Who Benefits From The Cut?
This is all assuming that one has any savings, to begin with. There are two sides to every story, and those with few savings but with variable mortgages and other debts and loans stand to benefit from the cut, which will contribute to lower payback rates for the period for which it remains.
As with any economic stimulus, it is important that the decision is contextualised. The measure is one of four that has been designed to prevent an economic depression, the others being: a quantitative easing programme (long-hand for printing money a buy-up of corporate debt to drive down funding costs and a £100bn Term Funding Scheme to allow high street banks to borrow a proportion of their outstanding lending at a 0.25% rate.
It is also important to remember that the rate change is not a first, it will not be the last, and that the cut itself is hardly astronomical. There are many other instances of more significant changes, such as the interest rate hike of the early 1990s, which saw people paying up to 15% on their mortgages and other loans.
Arguably, as an impact of all the past recessions, lessons have been learned, not least by the Bank of England, which explains its insistence on keeping interest rates low (the recessions of the early 1980s and 1990s were both preceded by periods of high interest rates). History has taught individuals to become savvier with their money and not just to trust high street banks and lenders.

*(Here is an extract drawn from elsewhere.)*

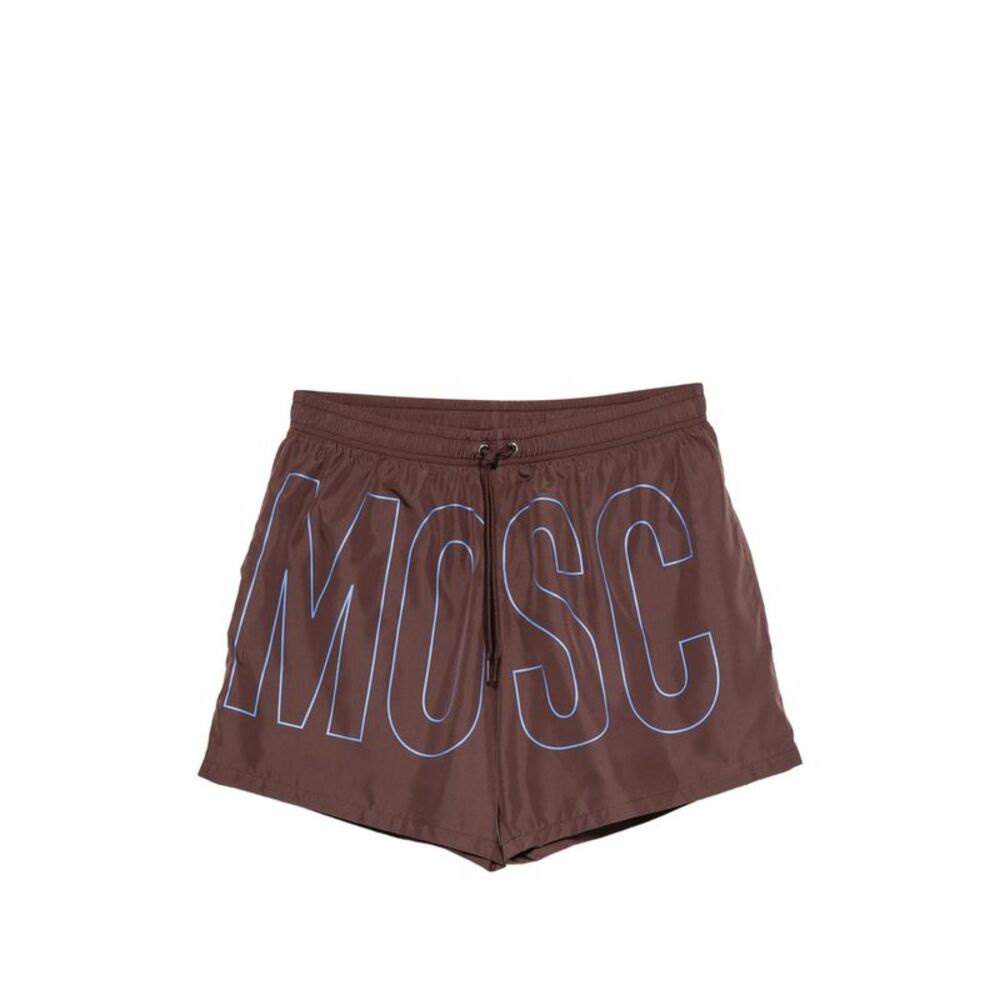 Moschino Brown Beachwear - Swim Shorts Men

Millennials, in particular, are in a unique position here. Their current predicament has been created by a market that they were not old enough to be involved with, but are suffering the consequences of through high debt and a lack of property. As such, they have learned the hard way that, when it comes to their money, their destiny is in their hands. Research supports this, showing that more than 68% of Millennials are worried about money management and unsure about the financial options open to them.
It is critical for Millennials to increase their economic understanding, particularly when it comes to investing. Research has also shown that one way to encourage this is to make learning how to invest a fun activity.